Happily I was wrong. Rather than focusing on Black Elk's first three decades in which he witnessed the defeat of Custer at the Little Bighorn, survived the slaughter of nearly 200 of his tribe's people at Wounded Knee in 1890, and became a shaman, Steltenkamp looks at the later years when he rejected his heyoka status and the yuwipi ceremony to become a Roman Catholic catechist.

Through Neihardt's and Brown's writings, Black Elk has come to epitomize traditional native-American spirituality. True believers, romanticists, and some Indian activists will not enjoy reading this ``add-on'' biography, based largely on interviews with Black Elk's daughter, Lucy Looks Twice, and Oglala co-workers. They will continue to reject this ``sullying'' of a traditional life and fail to perceive the dignified reality of an individual Indian's survival and cultural extension.

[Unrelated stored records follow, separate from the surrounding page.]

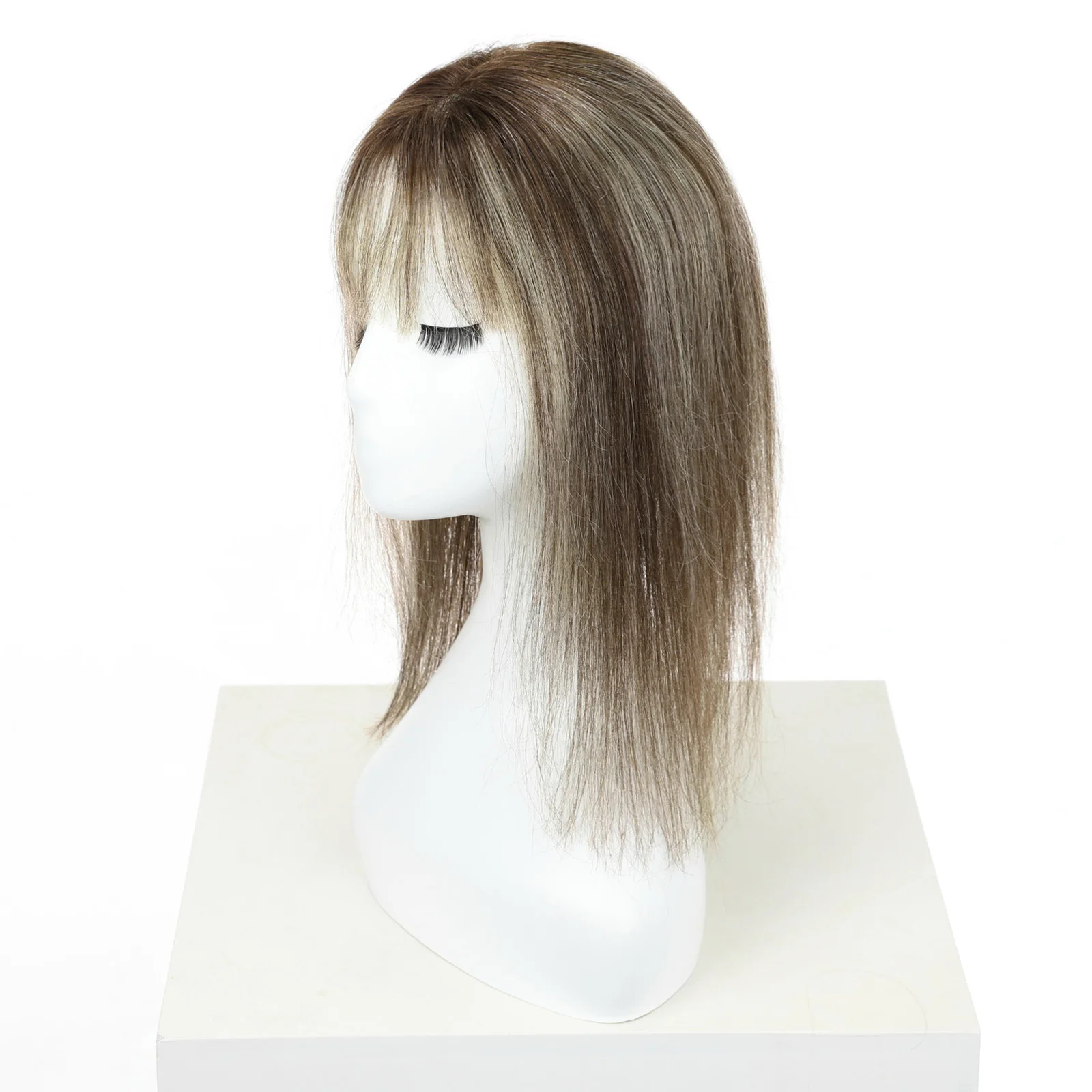 Brown Human Hair Toppers with Blonde Highlights 5x6 inch 3 Clips Swiss Base 14inch Natural Human Hair Topper for Women Hair Loss
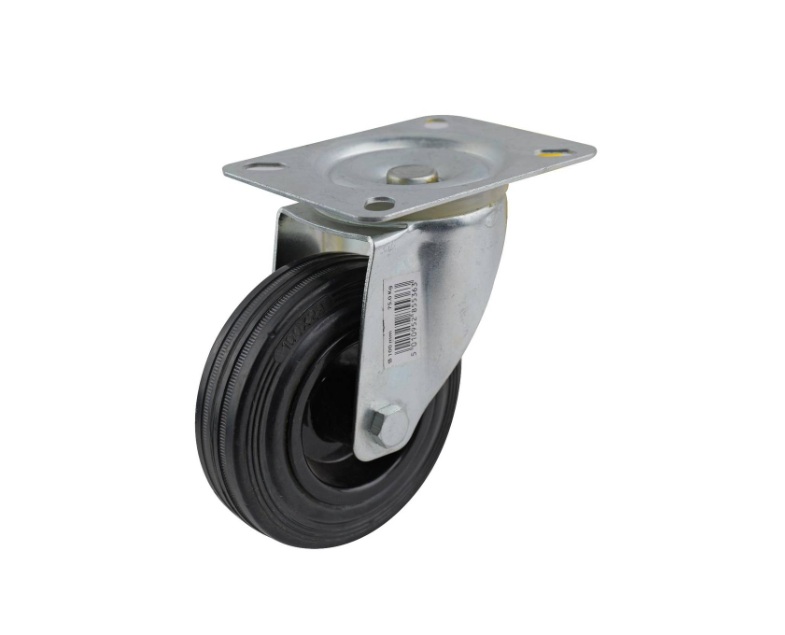 Black rubber swivel wheel 100mm, roller bearing, zinc plated top 105X85mm, 75kg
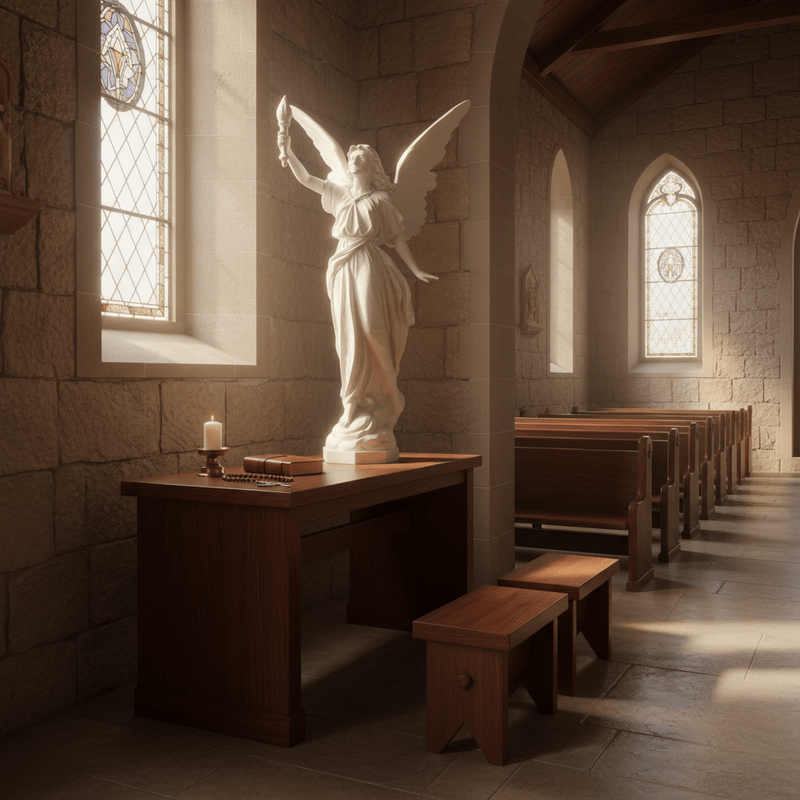 Angel With Torch Outdoor Statue (27 - Inch) Side Angle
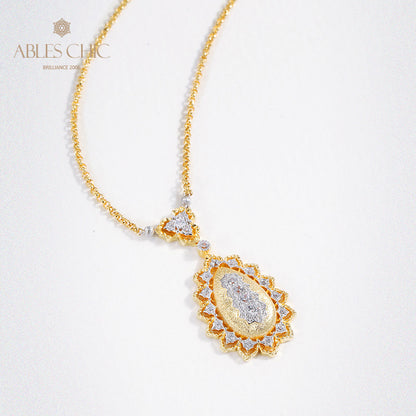 Silky Teardrop Starry Necklace 5109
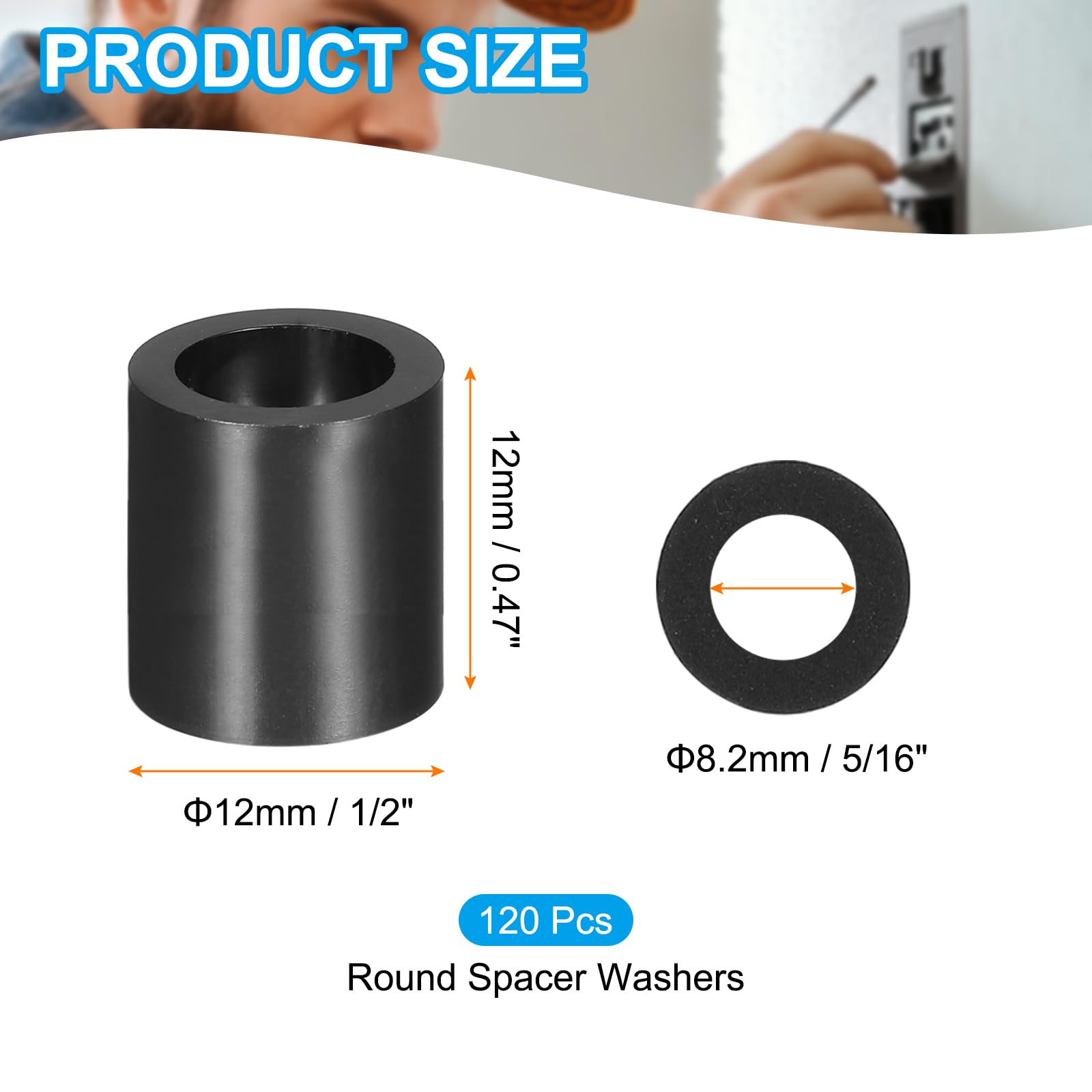 PATIKIL 120Pcs M4 ABS Spacers M8 x 12mm OD x 12mm L Plastic Round Spacer Washers Black Standoff Nut Unthreaded for Screws Bolts Electrical Outlet - Image 2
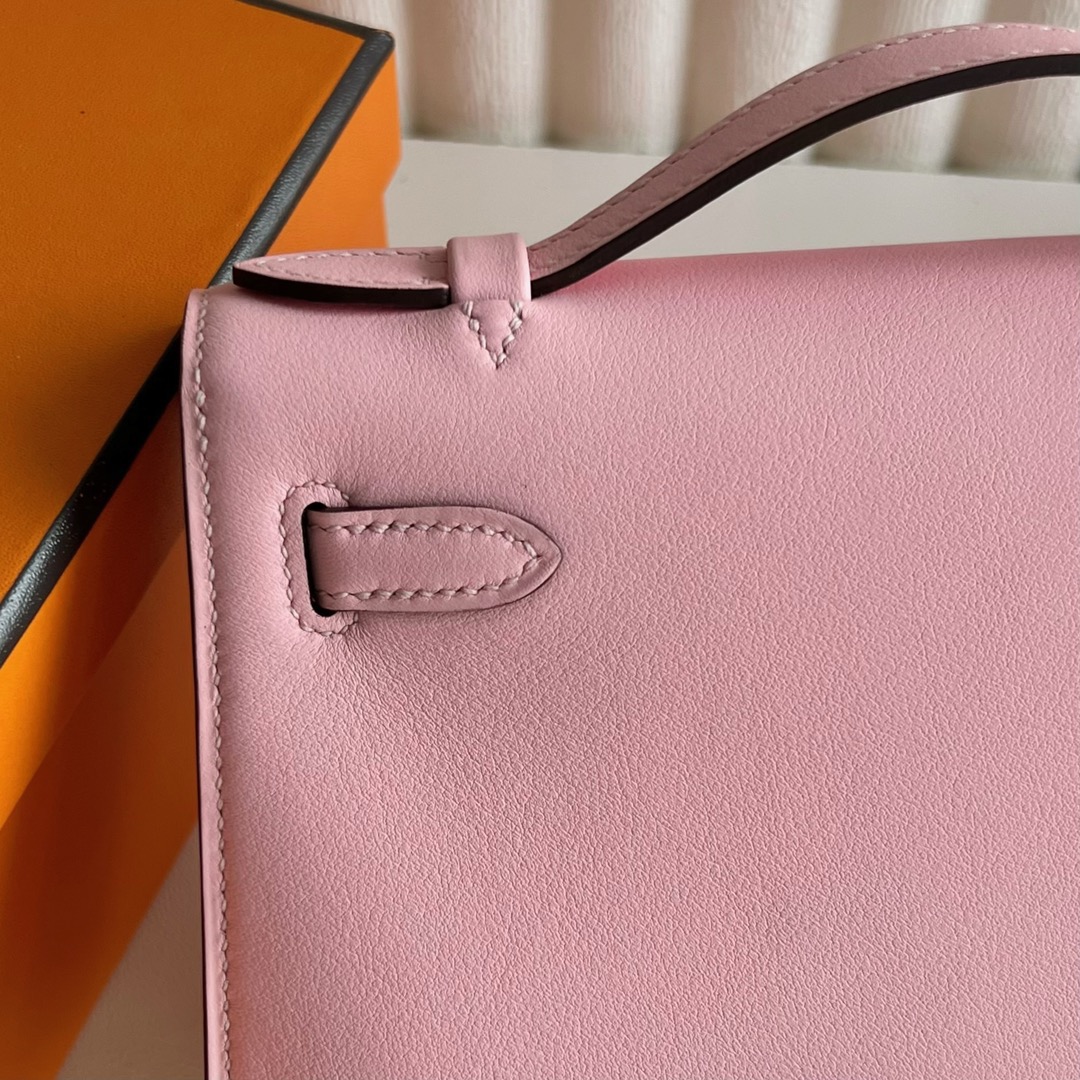 愛馬仕女包香港價格 Hermès Mini Kelly Pochette Swift 3Q Rose Sakura 新粉色銀色五金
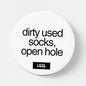 Gay feet worship fetish party pin badge for darkrooms and cruising clubs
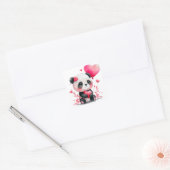 Knuffelige Hart Panda Beer Valentijn Vierkante Sticker (Envelop)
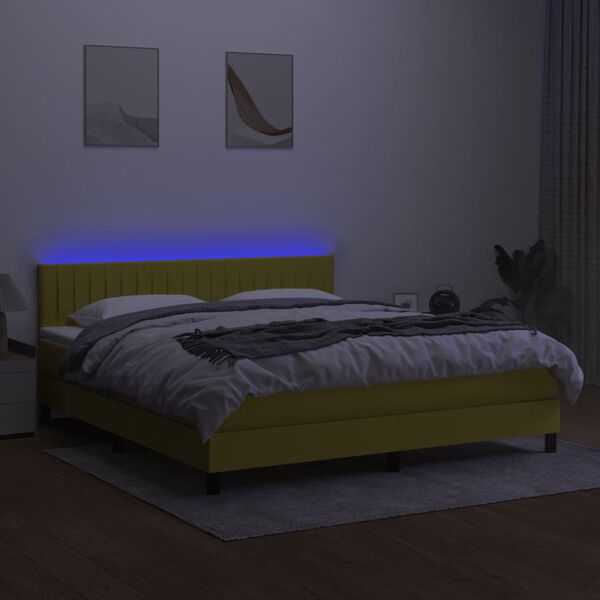 vidaXL Cama box spring c/ colch&atilde;o e LED 180x200 cm tecido verde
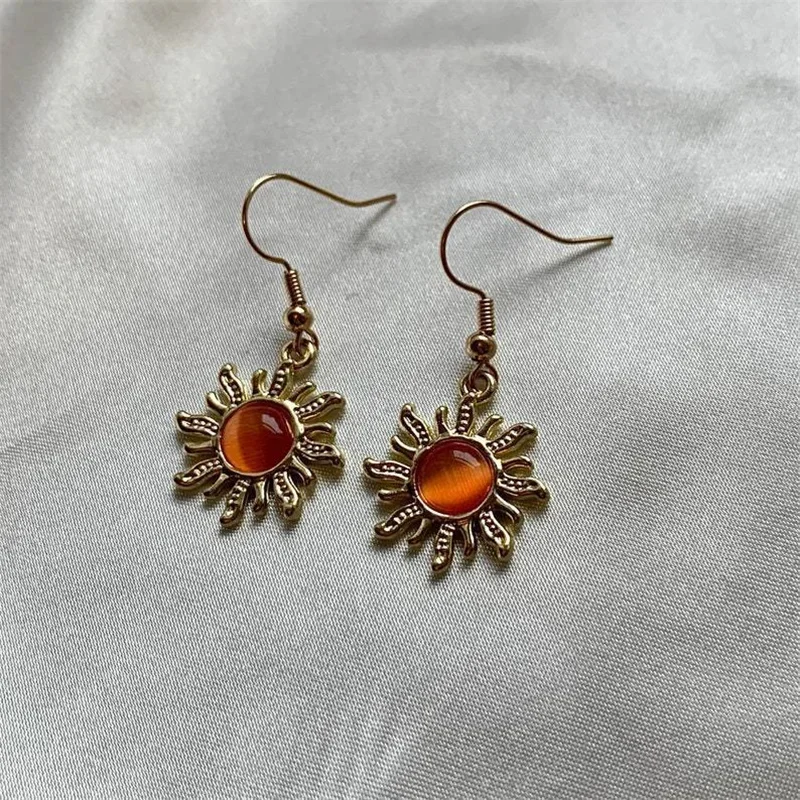 Trendy Exquisite Gold Color Sun Flower Earrings Round Orange Moonstone Hook Dangle Earrings for Women Fashion Custom Jewelry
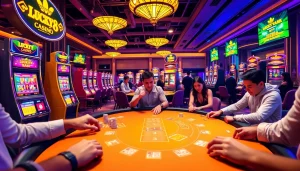 Experience the thrill of betting at nhà cái lucky88 with vibrant gambling tables and lively players.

David Roberts's eighth book, ``Once They Moved Like the Wind: Cochise, Geronimo, and the Apache Wars,'' is a life-and-times dual biography of two Chiricahua Apaches. Cochise, popularized by the 1951 movie ``Broken Arrow'' and the spinoff television series, was more significant historically as a leader of his band, but Geronimo, last of the prominent Apache warriors to surrender to US forces (1866), symbolizes Indian resistance. Graced with a superb photograph collection, Roberts's narrative moves the reader along rapidly, adroitly balancing passages on Apache lore and military campaigns with discourses on Indian-white morality, or the lack thereof. The author used most of the published authorities on the Apache wars and has committed no egregious errors of fact or interpretation; on the other hand, he has not really added any new information or interpretation.

Frank Waters, among whose two dozen books are the superb novel ``The Man Who Killed the Deer'' (1942) and the creditable ``Book of the Hopi'' (1963), has unfortunately been persuaded to allow an early manuscript, ``Brave Are My People: Indian Heroes Not Forgotten,'' to be published at this late date. Approximately 20 Indian leaders from Deganawidah, the Peacemaker, to Chief Seattle are fleetingly limned in a half-dozen pages each. Even a novice reader of Indian history can complete this compendium in a short afternoon. Waters's prose is as smooth as ever. The brief bibliography contains only four references published after 1980. During the past 12 years many worthy book-length biographies on many of his subjects have appeared.

If it had been published 30 years ago and designated as an introduction to native Americana, the volume would have been rightly heralded; now it is simply a handsomely produced book with a memorable title.